Disputes related to personal data processing are resolved through customer support. The supervisory authority is the Estonian Data Protection Inspectorate (info@aki.ee).

Our Details:
ESFi OÜ
Reg: 14307430
Harju County, Kuusalu Parish, Saunja Village, Tepi Farm, 74636
hello@elysiumskincare.eu

Cookies

This online store uses cookies. Cookies are text files that the browser saves on your device when visiting a website. Essential cookies are divided into two categories:

  1. Session Cookies

    • These are temporary and disappear immediately after leaving the website or closing the browser.
    • They are used to enable certain website functions.
    • Without these cookies, the requested services cannot be provided or may be disrupted.
    • These cookies do not collect personally identifiable information.

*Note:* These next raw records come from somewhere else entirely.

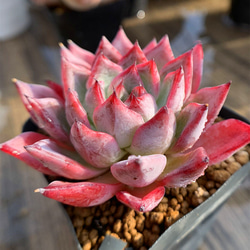 多肉の寄せ植え★flower bike フラワーバイク 赤色★ YouTubeを快適に＆レーシングカー鉢に多肉寄せ植え(*Ü*)♬ | ＊vanilla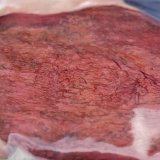 Aleph Farms produit de la viande cultivée en laboratoire. La firme israélienne a présenté en 2018 son premier steak, puis un ribeye en 2021 et du collagène en 2022. Elle veut désormais cultiver de la viande de haute qualité à Kempthal (ZH) et y établir sa base de production pour l'Europe. KEYSTONE/ANDREAS BECKER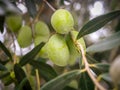 Close up of a branch with olives on olive tree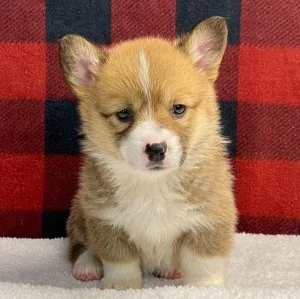 Adorable Corgi Puppies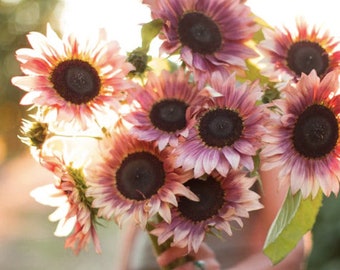 ProCut Plum Sunflower Flower Seeds / Single Stem Sunflower / Plum-to-Cream Bicolor Blooms / (#31) / 10 seeds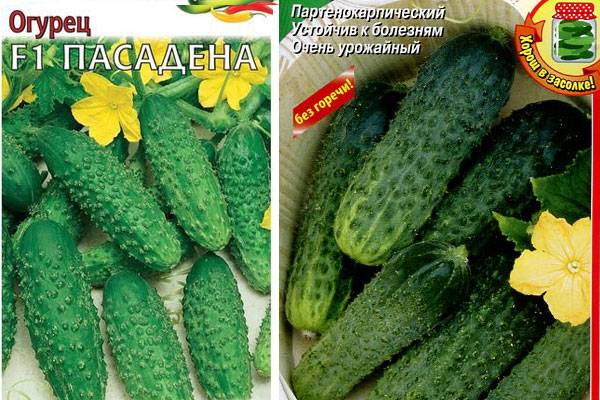 Огурец фурор f1: описание сорта, отзывы, фото, посадка, уход, характеристика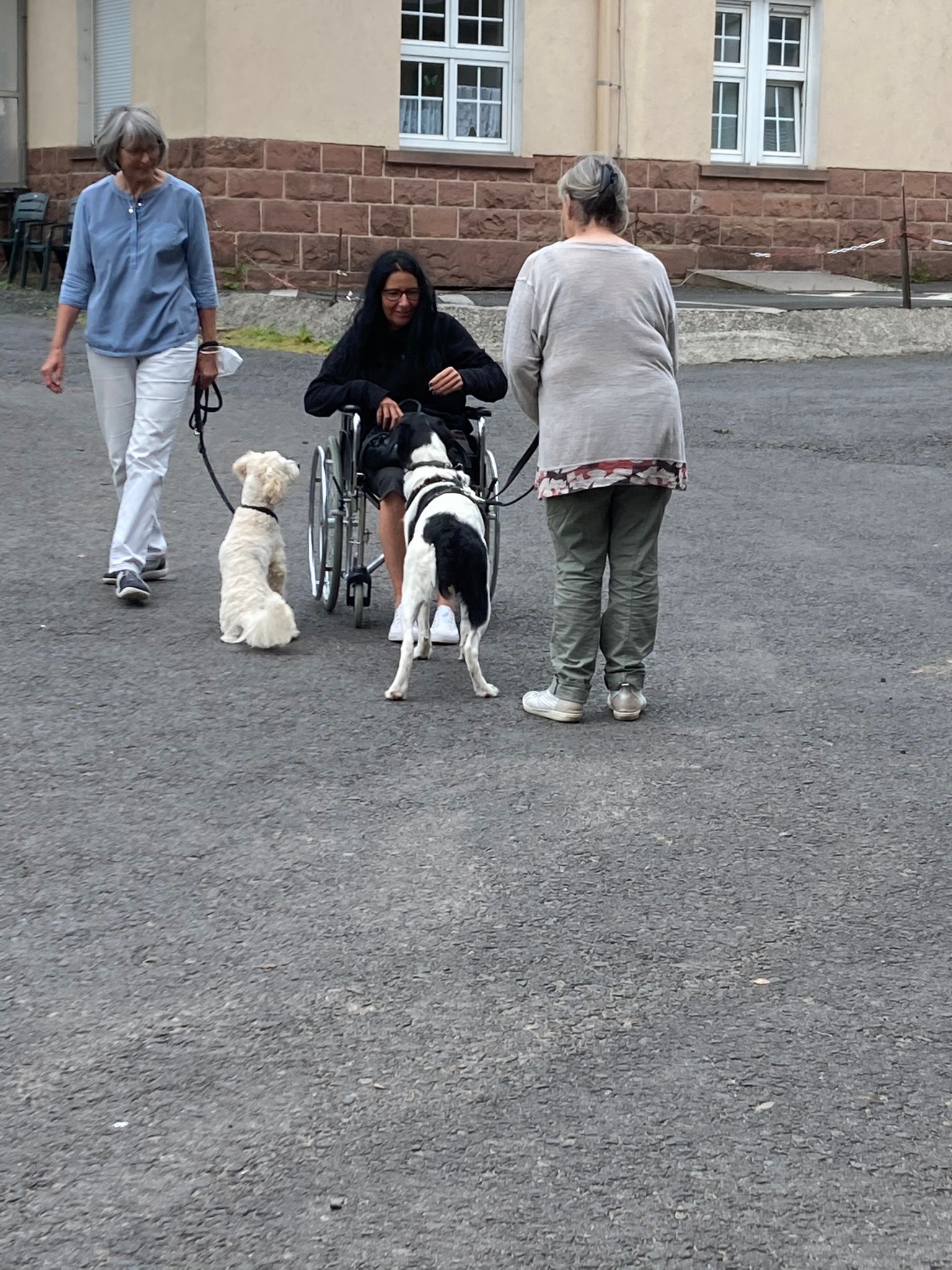 TRAINING SACRED DOG 2021/2022 13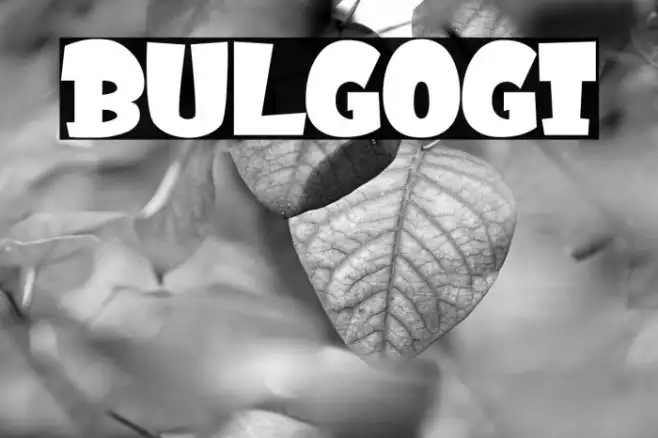 BULGOGI Example 2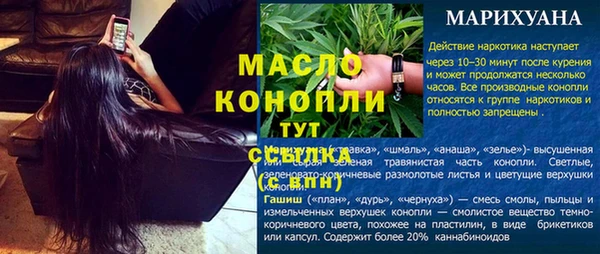 тгк Щигры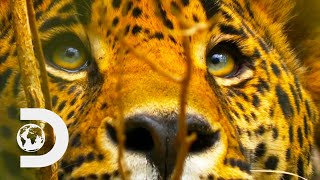 A Hungry Jaguar Hunts In The Mexican Rainforest  Wild Mexico [upl. by Magbie]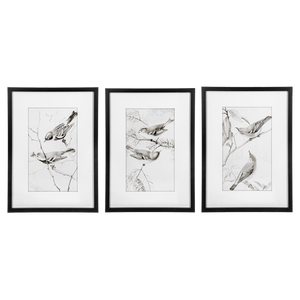 Framed Art Birds Black And White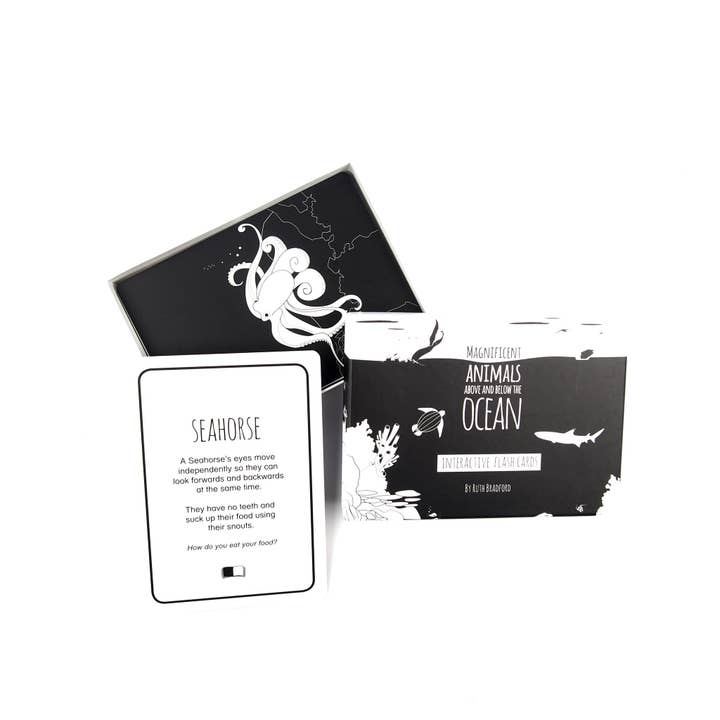 Interactive Flash Card Set - Magnificent Animals from Above for wholesale by The Little Black & White Book Project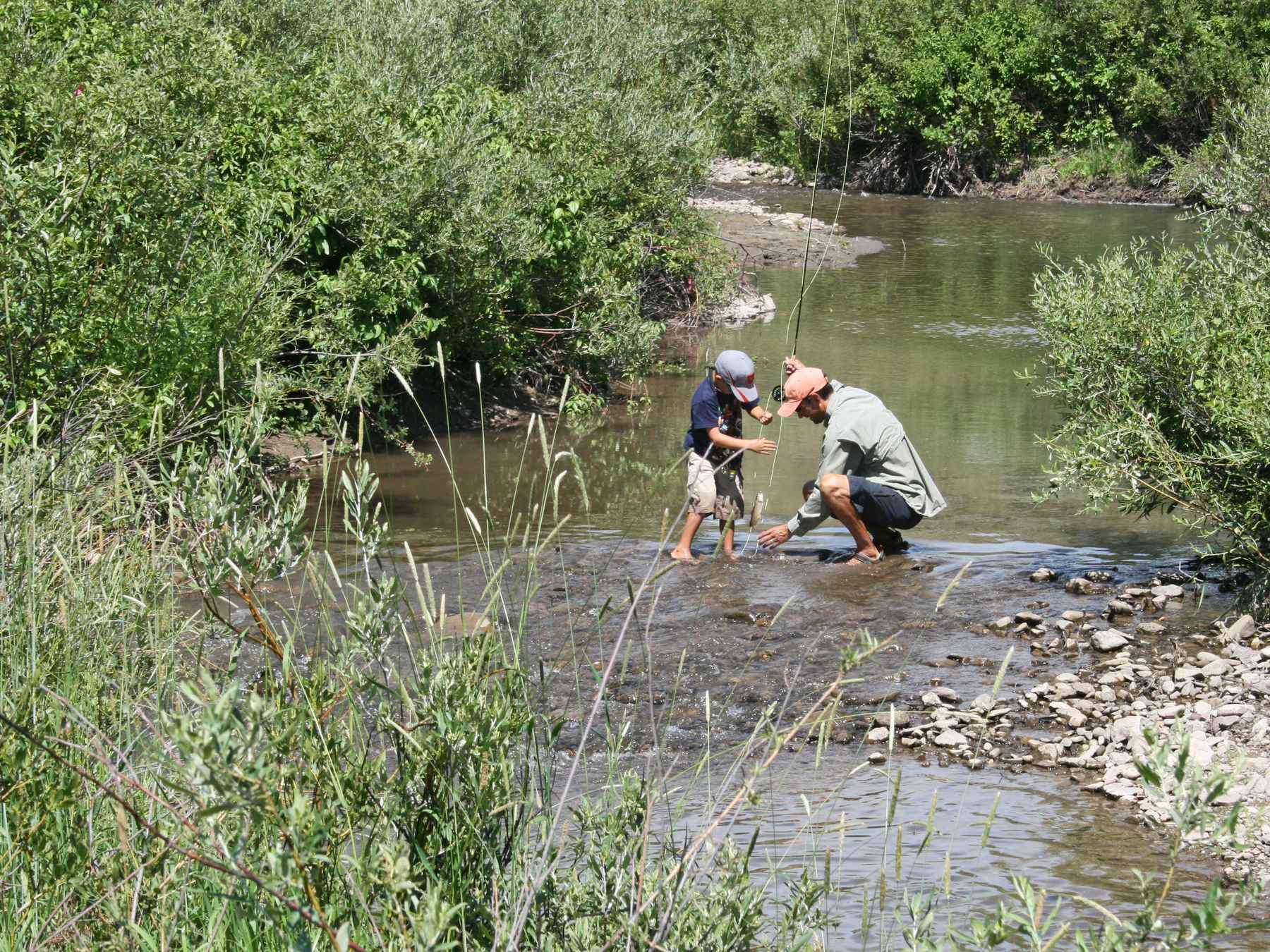 jackknife creek idaho restoration -  yellowstone cutthroat trout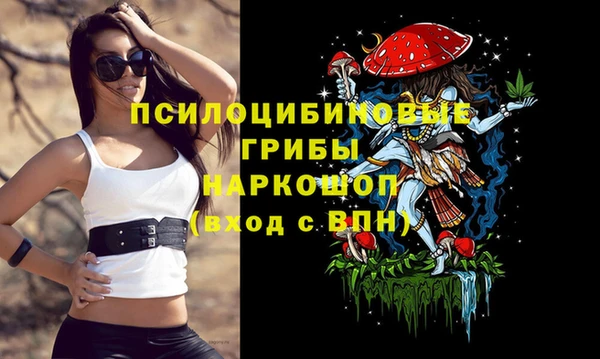 2c-b Михайловка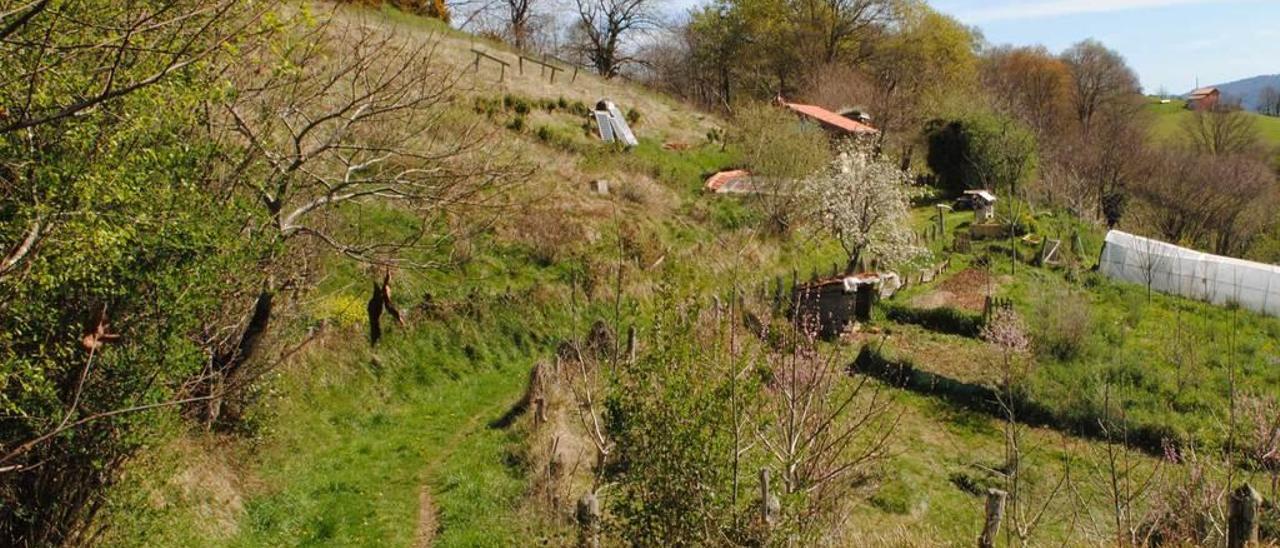 El bosque comestible de Nava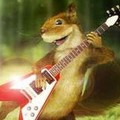 Pikku-Orava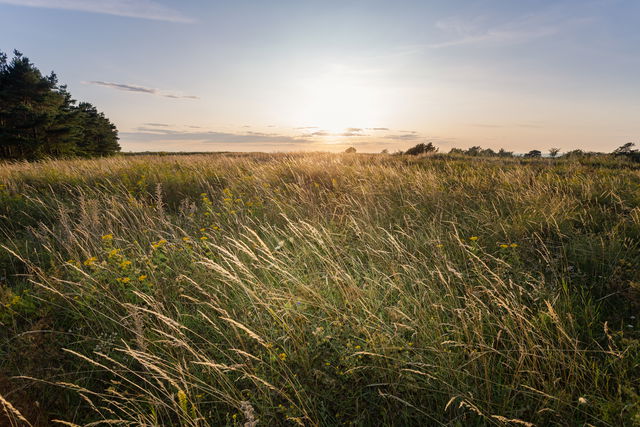 Silurstigen, Södra Hällarna, Visby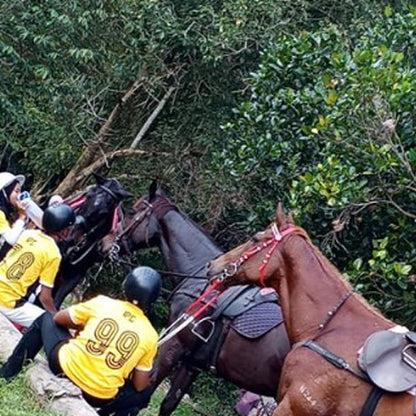 Horseback Ride - Ulu Piah Eco Farm Resort (1 Pax 1 Hour)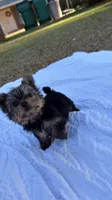 Tank (blue) , a male Yorkshire Terrier for sale in Fort Walton Beach, FL – 1 of 8
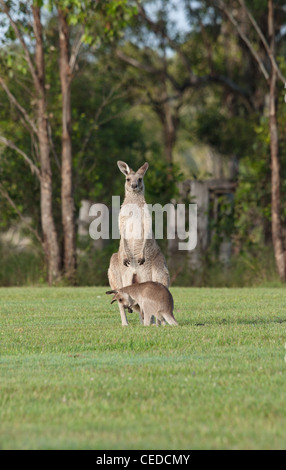 Kangourou gris de l'Est de l'Australie sur l'herbe avec Joey Banque D'Images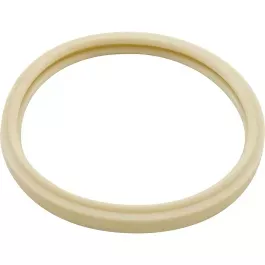 Aladdin O-170 Packaged O-Ring – Silicone | O-170PK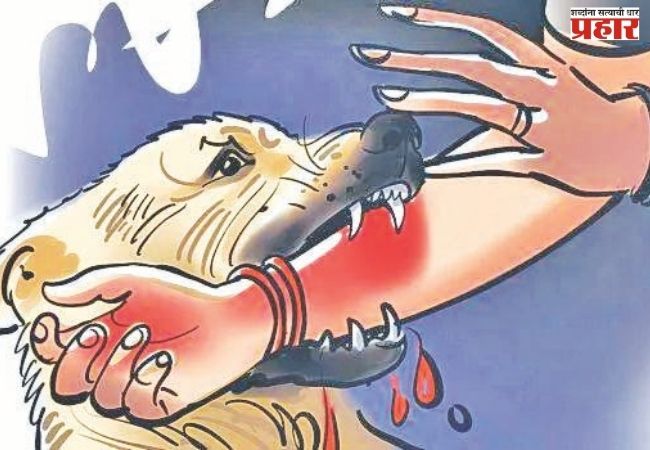 कुत्रा चावल्यास मोबदला  राज्य सरकारने द्यावा!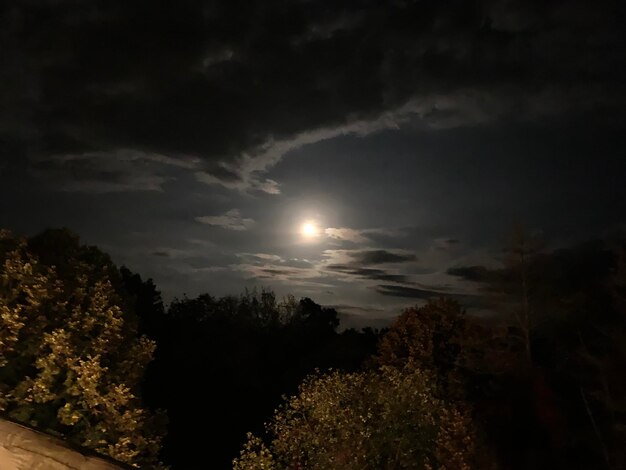 Low angle view of silhouette trees against sky at night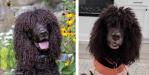 Sire:  "Reef"
GCH CH Chantico's Shelter From The Storm CD RA MX AXJ MXP4 MXPB MJP4 MJPB PAX XF MFP DS 

</p>

Dam:  "Talle"
CH, U-SHR Ballyhoo's Talle O'Hogan JH DJ DS TKN CGC 


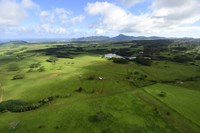 Wailua River State Park Fine Art Print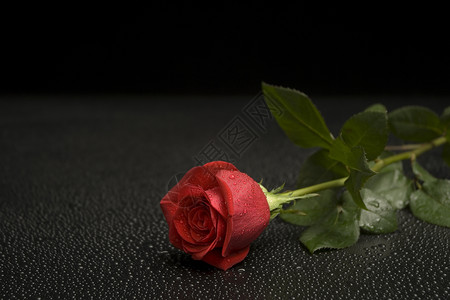 湿玫瑰系列花店飞沫红色背景图片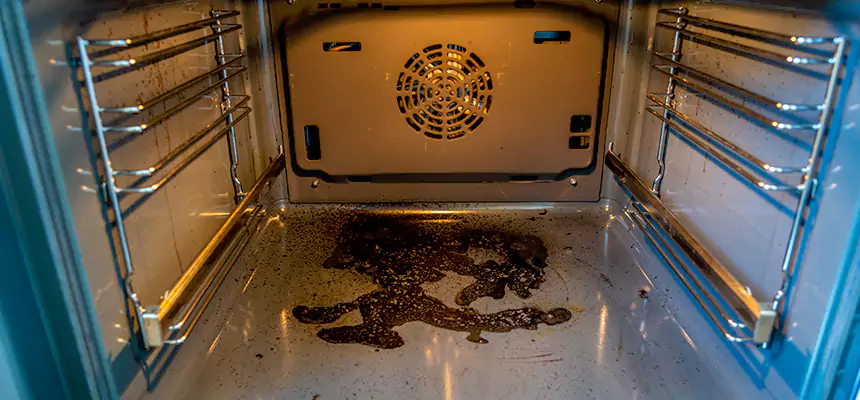 Our Dryer Vent Mold Cleaning Services in Wylie, TX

  2. Functional or Persistent Cookies

    • These remain valid for the period specified in the cookie and are not deleted when the browser is closed.
    • These cookies are activated during each visit to the website.
    • They may be used to remember website preferences or collect statistical data.
    • These can only be removed by clearing browser history.

Non-essential cookies, also known as third-party cookies, may collect information about the website visitor and their browsing habits. This data may be used to offer targeted advertising, enhance user experience, and improve website performance.

What Cookies Do We Use?

Our website users are considered to have agreed to cookies if their browser settings allow the use of essential/mandatory cookies. However, if you do not agree to the use of mandatory cookies, you must manually disable them in your browser settings. In this case, several website services and functions may be limited.

When visiting our website (www.elysiumskincare.eu), you will see a notification about cookies, where you can accept or reject third-party (non-essential) cookies.

Our website uses the following third-party cookies:

  • Google Analytics
  • Meta

Independence of Third Parties

Although we have reviewed the privacy policies of third-party providers before involving them, we cannot guarantee that their practices align with ours. Third parties may use website cookies at their discretion. Since we have no control over third-party cookies, ESFi OÜ’s cookie policy does not cover their policies.